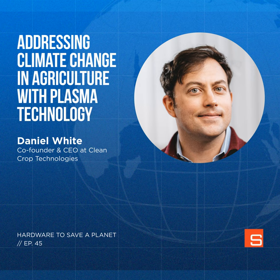Hello and welcome to Hardware to Save a Planet. I'm super excited for this conversation today with Dan White, the founder and CEO of Clean Crop Technologies. They're using high-voltage cold plasma to treat seeds and food to improve crop yields and reduce food waste. Our food systems are responsible for over a quarter of all greenhouse gas emissions, and rising heat is also one of the biggest threats to food production, meaning a growing population and rising temperatures is a recipe for worsening food insecurity.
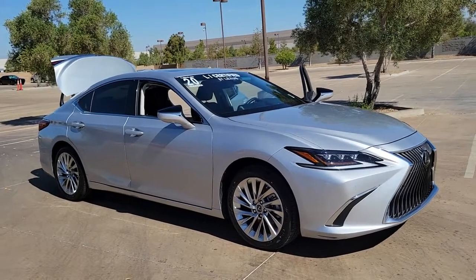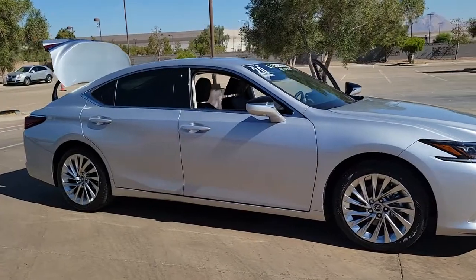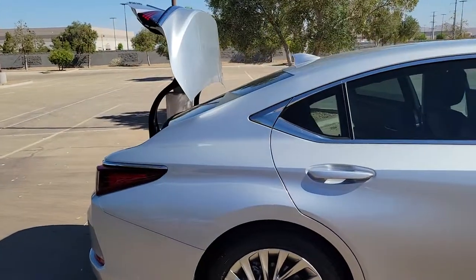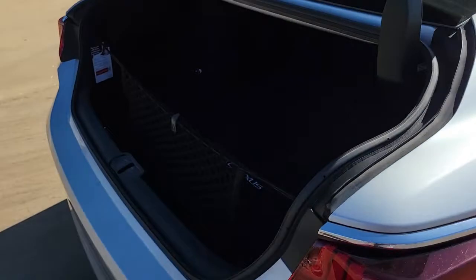Look no further than the 2020 Lexus ES. This vehicle is an outstanding buy with fewer than 20,000 miles on the odometer. Elevate your daily drive in this boldly styled ES. Smooth and composed, this meticulous midsize luxury sedan spoils you with spacious comfort.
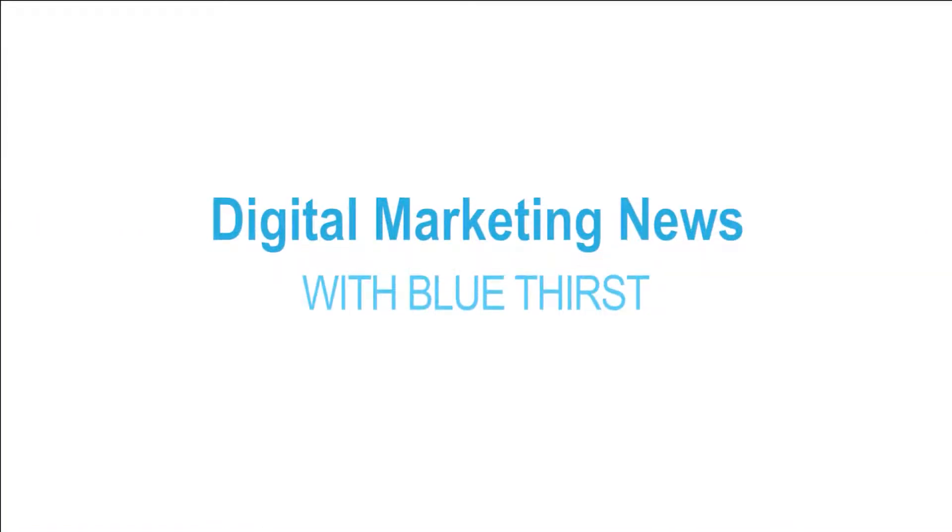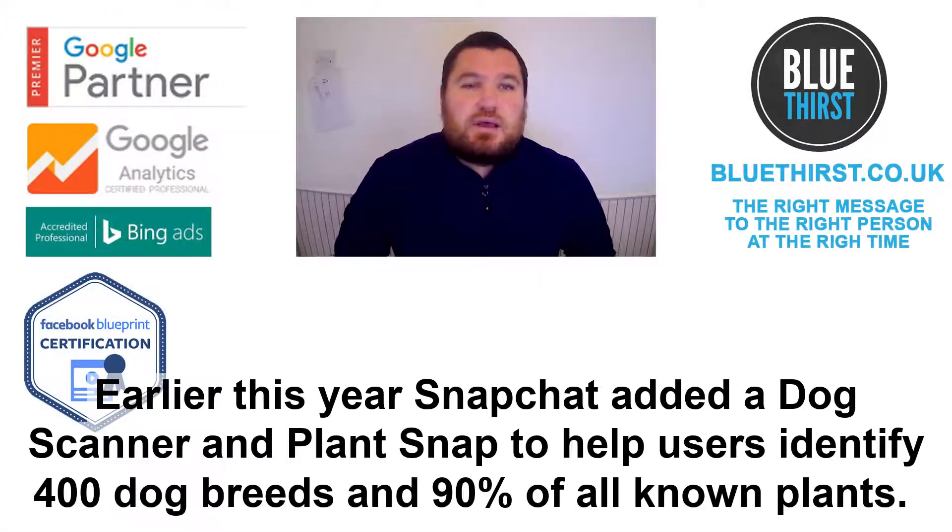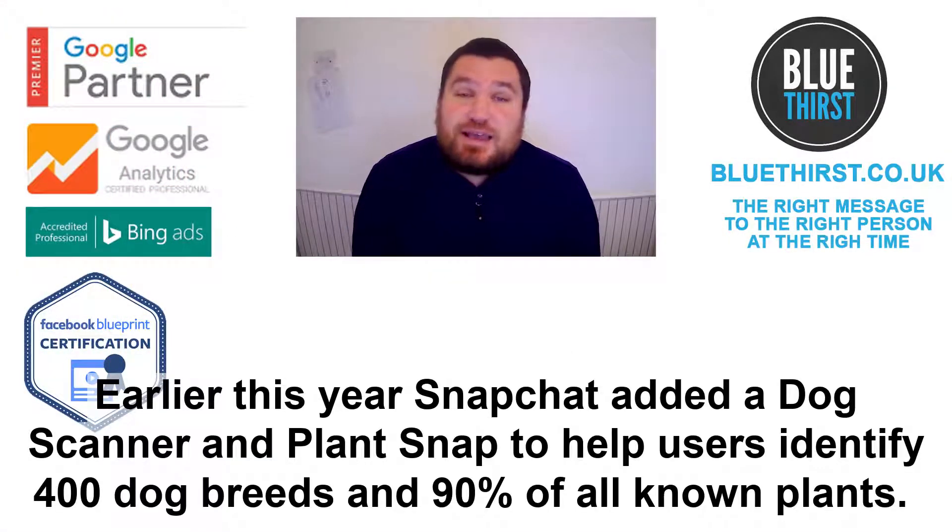Earlier this year, Snapchat added a dog scanner and a plant snap to help users identify 400 dog breeds and 90% of all known plants.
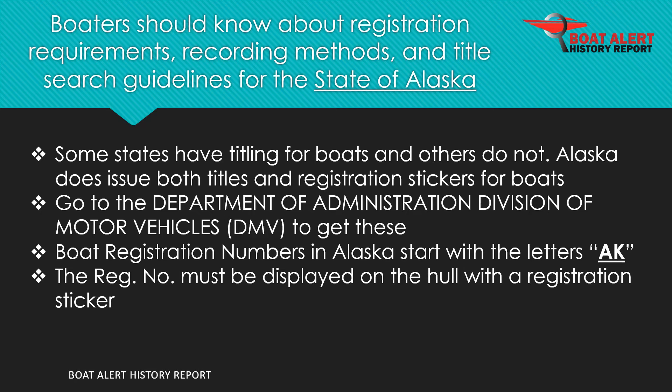Boaters should know about registration requirements and fees, recording methods, and title search guidelines for the state of Alaska. To start, Alaska does issue both titles and registration stickers for boats. This is done at the Department of Administration Division of Motor Vehicles, DMV.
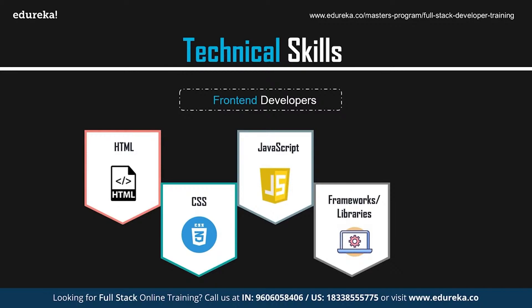As front-end developers, it is important to have knowledge of frameworks and libraries such as Angular, React, Vue, etc. These are frameworks and libraries based on JavaScript. JavaScript frameworks are collections of CSS or JavaScript files that perform different tasks by providing common functionality. Instead of starting with an empty text document, you can start with a code file that already has lots of JavaScript present in it.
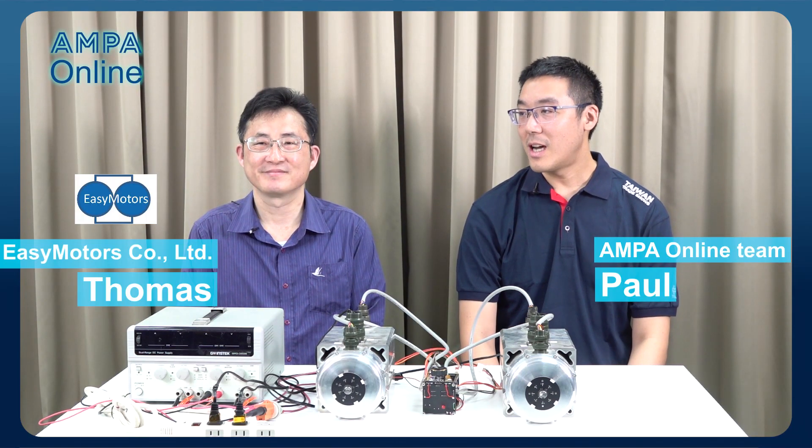Hi, I'm Paul from the Ampel online team. We are here today with Thomas, the technical director of EZ Motors, a startup company in Taiwan. Thomas, would you like to introduce EZ Motors to everybody?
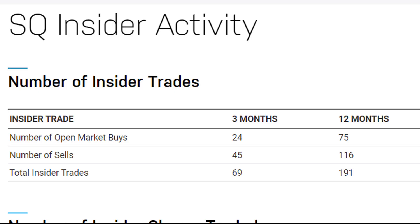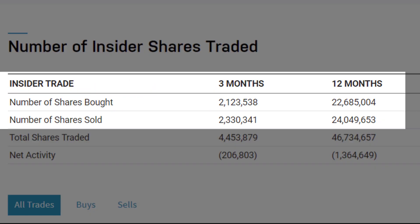One last thing to consider is insider trading. For this company, there's not a lot going on — you've got just as many people selling as buying, if not slightly more. When you look at the number of shares involved, it's pretty close in terms of shares bought compared to shares sold. So there's not a lot of information to be gained from the insiders.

--

> **YOUR OBJECTIVE**:
Leaving the pictures aside, write out only the lines from the one containing "Hi, I'm Paul" through the end of the material, exactly as they stand.

> **REPLY TO THE TASK**:
Hi, I'm Paul from the Ampel online team. We are here today with Thomas, the technical director of EZ Motors, a startup company in Taiwan. Thomas, would you like to introduce EZ Motors to everybody?
One last thing to consider is insider trading. For this company, there's not a lot going on — you've got just as many people selling as buying, if not slightly more. When you look at the number of shares involved, it's pretty close in terms of shares bought compared to shares sold. So there's not a lot of information to be gained from the insiders.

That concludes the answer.